STEP 2: Lose the routine

By Jennifer Alsever

Robin Chase is no slouch when it comes to launching successful startups. The 50-year-old CEO founded her first successful business, car-sharing service Zipcar, 10 years ago. In 2007, she shifted up a gear and started GoLoco, a company that helps carpoolers connect with one another online.

Her two big tips for aspiring innovators? Goof off and read.

"Time wasting is an excellent source of innovation," says Chase. "Make time to read widely, and cultivate a variety of friends and online groups who send you wacky articles."

In 1999, Chase heard from a friend about a European car-sharing service, which inspired her to start Zipcar. She'd also been reading up on Internet and wireless technology, so she quickly built a service that allowed users to book cars online and to unlock their rented vehicle via cell phone.

GoLoco, she says, came from thinking about Craigslist, Google (GOOG, Fortune 500) text alerts, online transit-message boards and comments from Zipcar users. GoLoco participants use the site to arrange trips and split the cost, while GoLoco collects a transaction fee on those deals. In two years, the service has attracted 20,000 users. And it isn't just owners who are creatively goofing off.

At the Chicago firm Total Attorneys, which provides accounting, marketing and back-office services to lawyers, founder and CEO Ed Scanlan lets employees take paid sabbaticals, with the understanding that the time will be spent on creative pursuits such as acting in a play or touring with a band.

Scanlan, 32, argues that personal freedom promotes creativity and risk taking.
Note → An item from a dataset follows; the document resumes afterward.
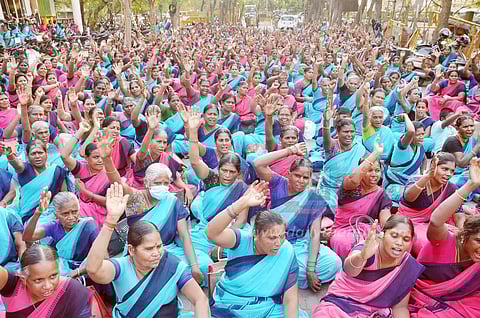 அங்கன்வாடி பணியாளர்கள் ஆர்ப்பாட்டம்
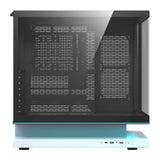 darkFlash F1 - Boîtier PC ATX blanc vitré 270° avec 6 ventilateurs : façade verre trempé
"If you move more quickly in your own life, innovation moves more quickly," he says. The impetus for two new services -- virtual reception and virtual personal assistance -- came from employee suggestions. Scanlan expects double-digit growth at his $24 million business this year.

Nature -- the Australian outback in particular -- proved to be the perfect muse for Ben Duncan, founder and CEO of e-mail provider AtMail, based in Sydney and Coeur d'Alene, Idaho. Duncan dreamed up the company during a camping trip in the Australian Outback eight years ago.
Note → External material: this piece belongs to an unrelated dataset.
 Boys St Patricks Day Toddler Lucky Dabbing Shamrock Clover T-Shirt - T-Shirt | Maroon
This past summer he spent several months traversing the Outback in a Land Rover decked out with a server and satellite broadband access. He used the time to bang out an improved version of AtMail's software.
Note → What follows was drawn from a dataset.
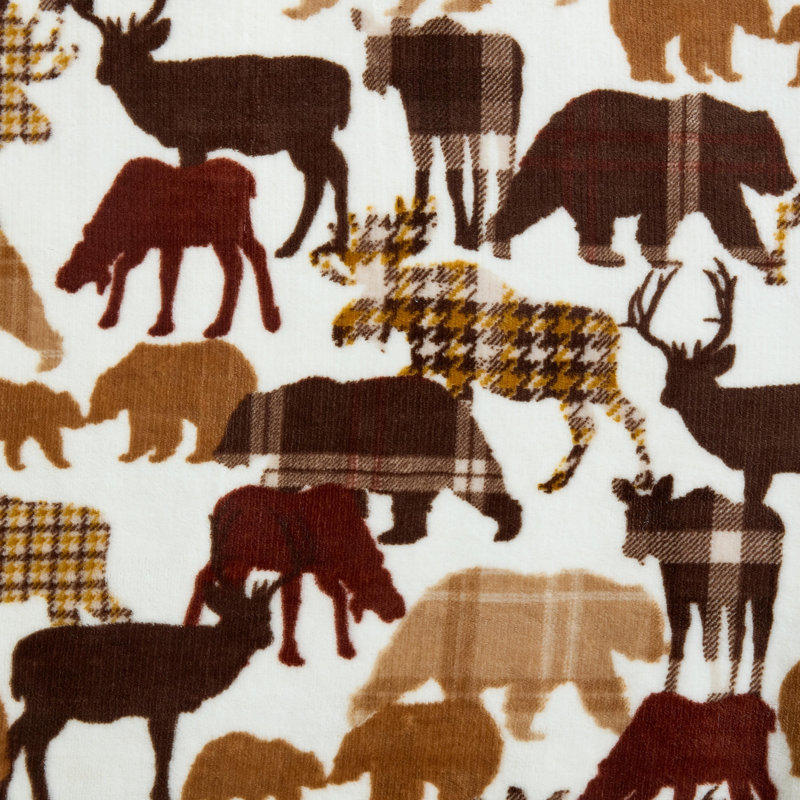 Jeté réversible imprimé Eddie Bauer, Animal Plaids Brown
"I get way more done out of the office," says Duncan, 28. A key AtMail perk: Any of the company's 13 employees can now use Duncan's Land Rover for their own two-week inspirational jaunts.

Other entrepreneurs recommend jumping out of your rut by hitting a trade show or attending a seminar about an unrelated industry. Or try spending a day in the life of a client, suggests Julie Lenzer Kirk, CEO of Path Forward International, an entrepreneurship consulting firm in Rockville, Md.

In the late 1990s, Kirk ran Applied Creative Technologies, a software firm that sold inventory-management applications. Her problem was that her programmers tended to create new features that customers hated. "They didn't understand how our customers managed inventory," says Kirk, "so they actually made the software worse."

Kirk's solution: She ordered her staff (and all new hires) to spend a day working at a food processing plant that used their software.

The fieldwork paid off immediately. One programmer watched a manufacturing manager go through multiple steps while searching for old products in an inventory database. The programmer dashed back to his office and tweaked the software so that data could be found in a single step. At the same time Kirk started sending out annual customer satisfaction surveys. The scores have consistently averaged 4.9 out of 5.

"It cemented customer loyalty," says Kirk. "It's really powerful when they see you're listening."